"""

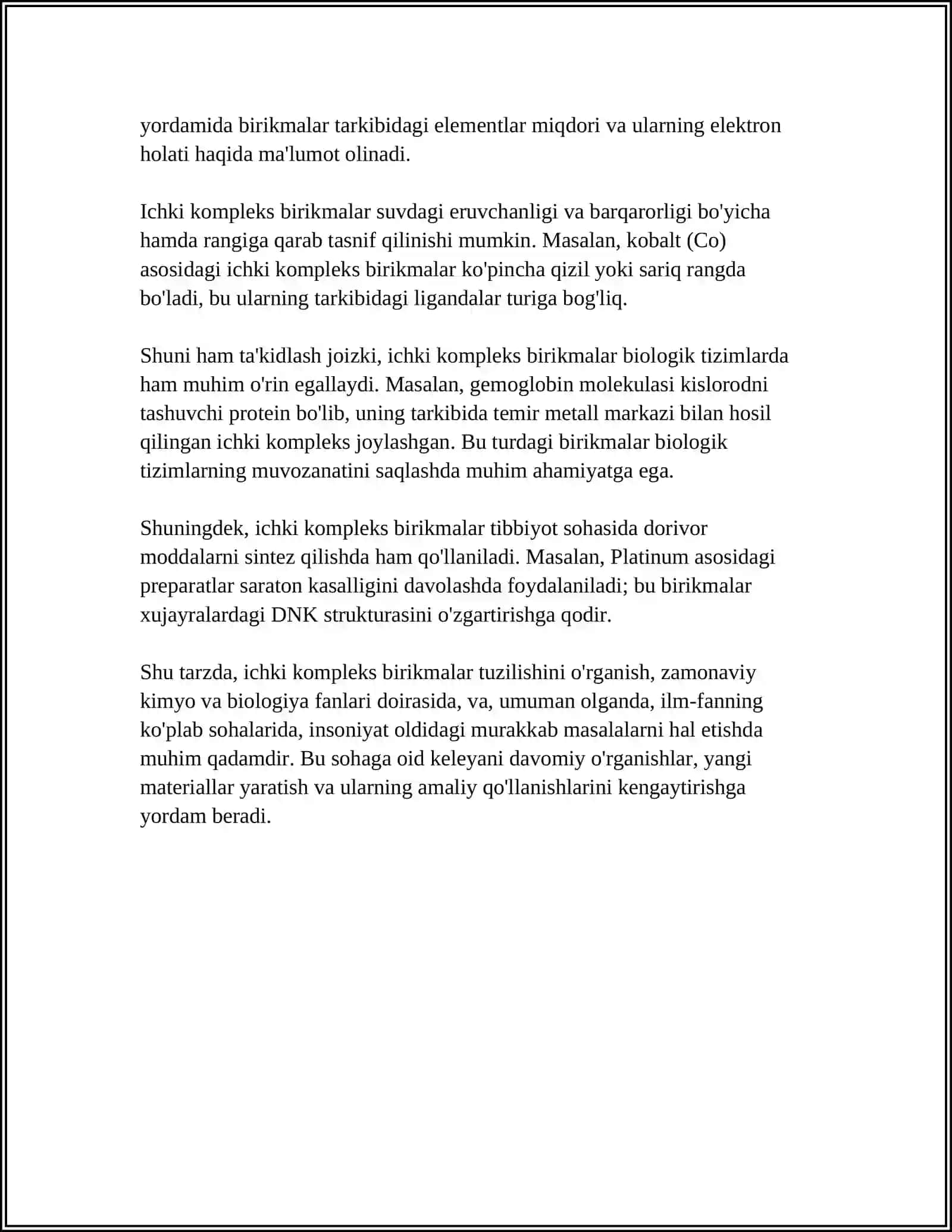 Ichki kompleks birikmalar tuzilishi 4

"""
"""

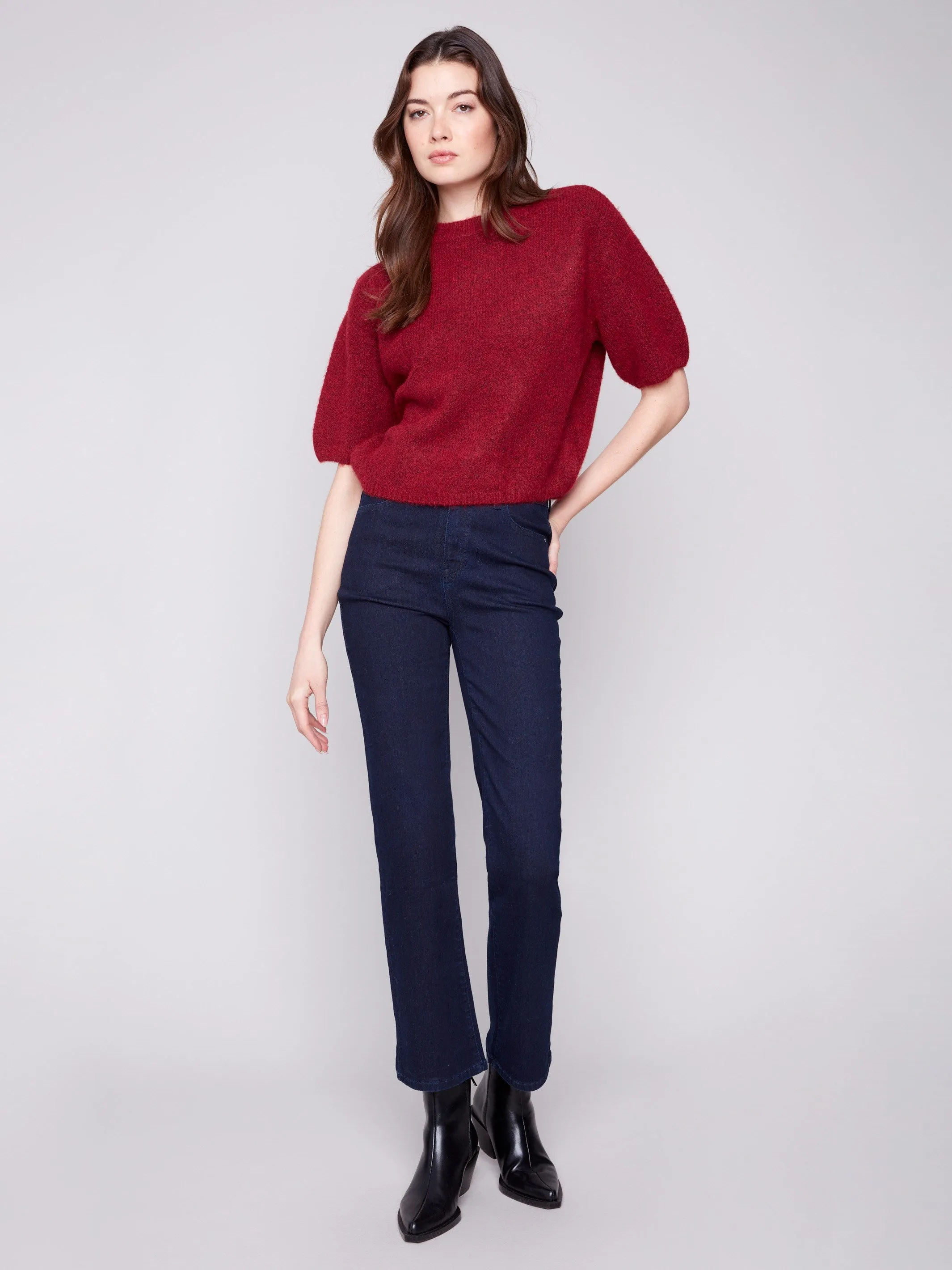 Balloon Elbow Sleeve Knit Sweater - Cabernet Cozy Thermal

"""
"""

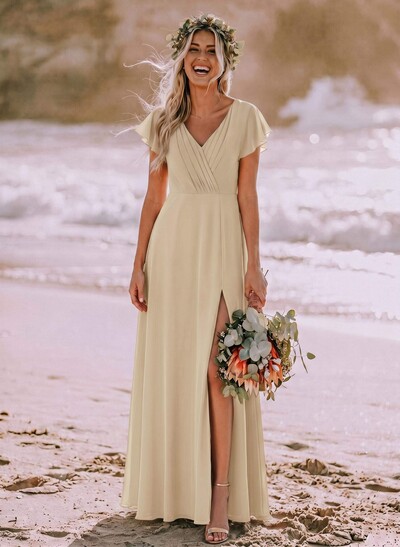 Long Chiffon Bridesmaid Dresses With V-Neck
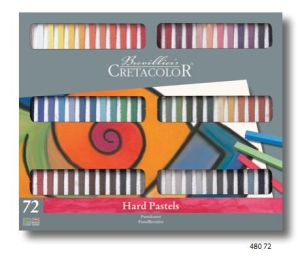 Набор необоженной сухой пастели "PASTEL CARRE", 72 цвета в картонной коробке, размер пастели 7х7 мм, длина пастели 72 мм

"""

**Required work:** In the listing above, find the line containing "Long Chiffon Bridesmaid Dresses With V-Neck" and the line containing "Набор необоженной сухой", then return both of them and every line between, exactly, without pictures.

**Answer to the exercise:**
 Long Chiffon Bridesmaid Dresses With V-Neck
 Набор необоженной сухой пастели "PASTEL CARRE", 72 цвета в картонной коробке, размер пастели 7х7 мм, длина пастели 72 мм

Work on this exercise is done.